Saved entries:
*** Begin section ***
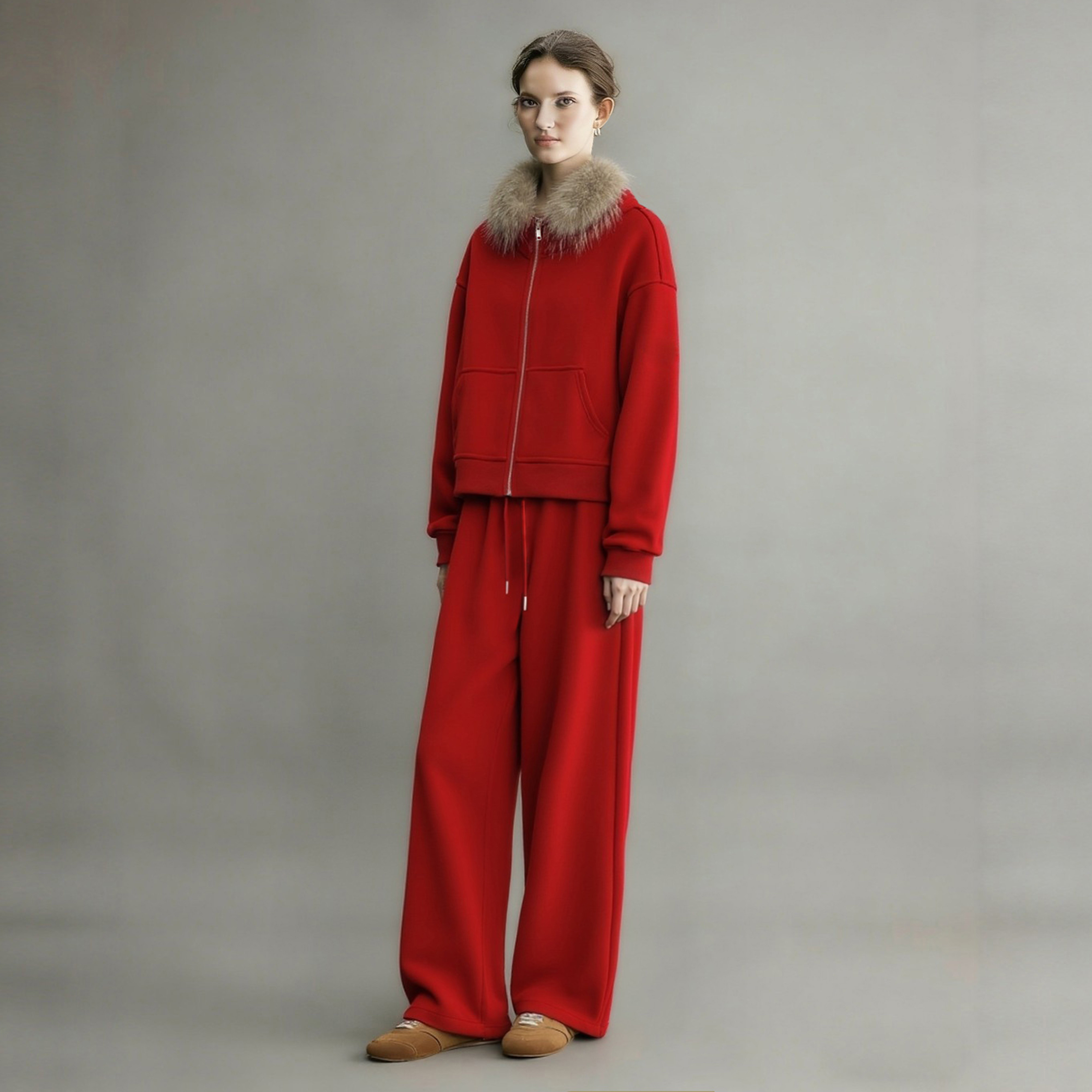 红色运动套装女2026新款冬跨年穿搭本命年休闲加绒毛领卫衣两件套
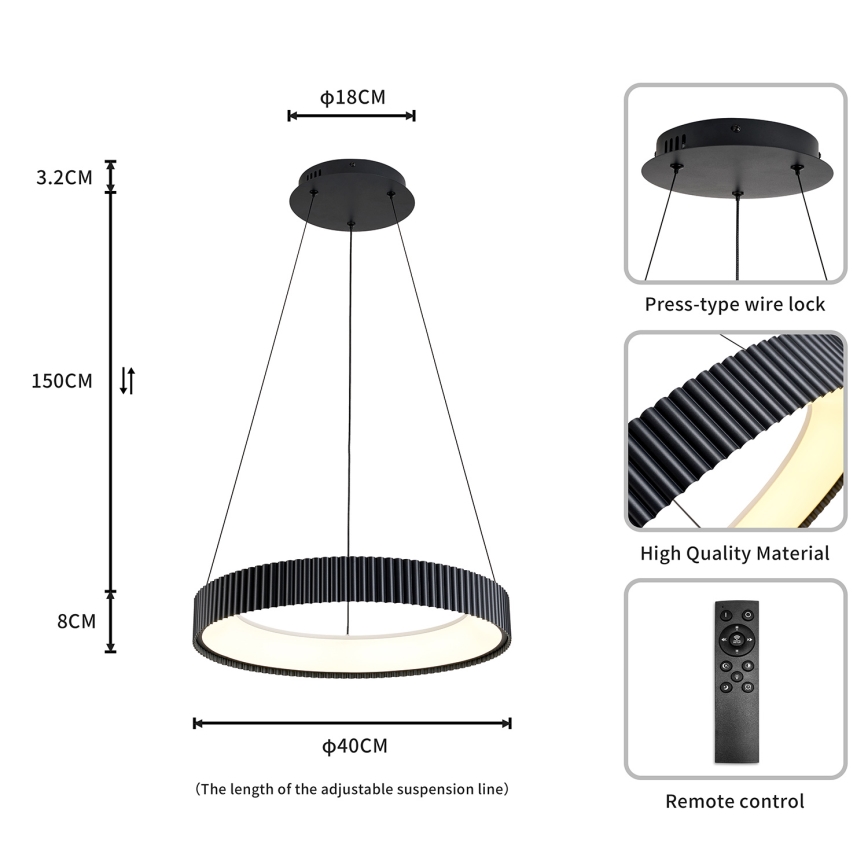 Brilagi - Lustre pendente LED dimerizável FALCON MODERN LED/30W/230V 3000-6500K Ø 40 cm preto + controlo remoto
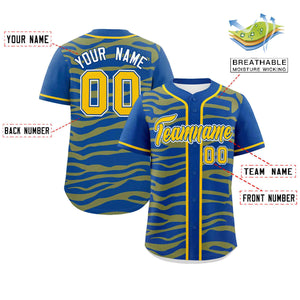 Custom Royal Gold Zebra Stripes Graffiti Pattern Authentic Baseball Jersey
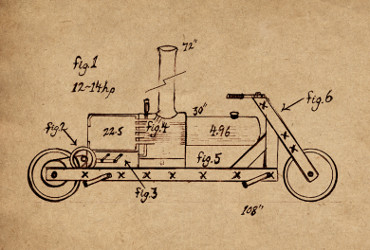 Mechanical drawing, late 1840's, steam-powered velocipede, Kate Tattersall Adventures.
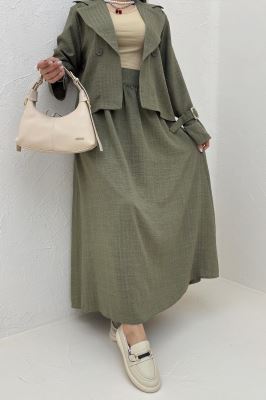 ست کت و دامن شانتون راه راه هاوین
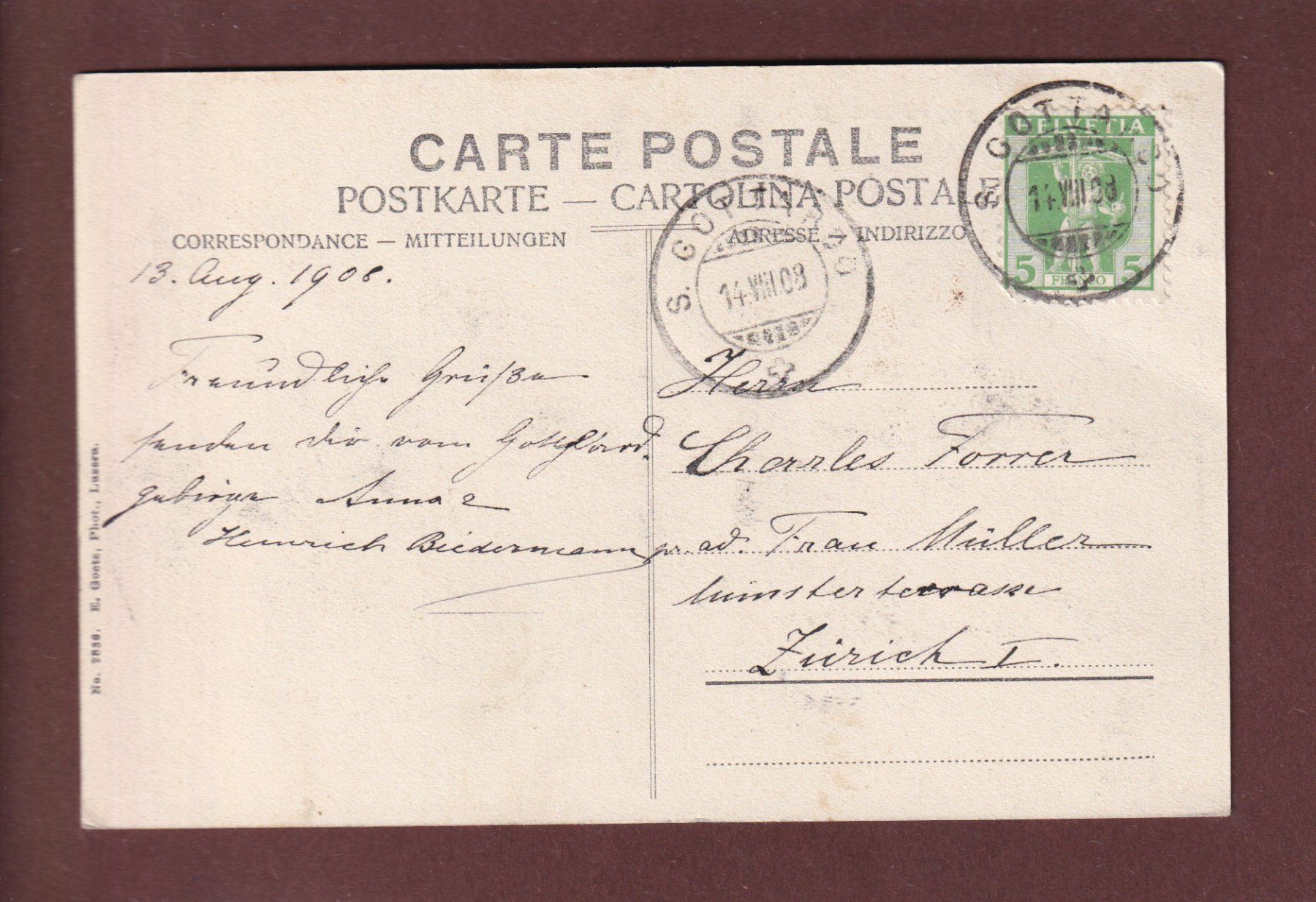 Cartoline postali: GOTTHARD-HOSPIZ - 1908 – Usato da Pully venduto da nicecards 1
*** End section ***
• [Task objective]: Starting where a line contains "ست کت و دامن شانتون راه راه هاوین" and finishing at the last line above, set down every line exactly as it reads, with no pictures.

• [Written answer]:
 ست کت و دامن شانتون راه راه هاوین
 Cartoline postali: GOTTHARD-HOSPIZ - 1908 – Usato da Pully venduto da nicecards 1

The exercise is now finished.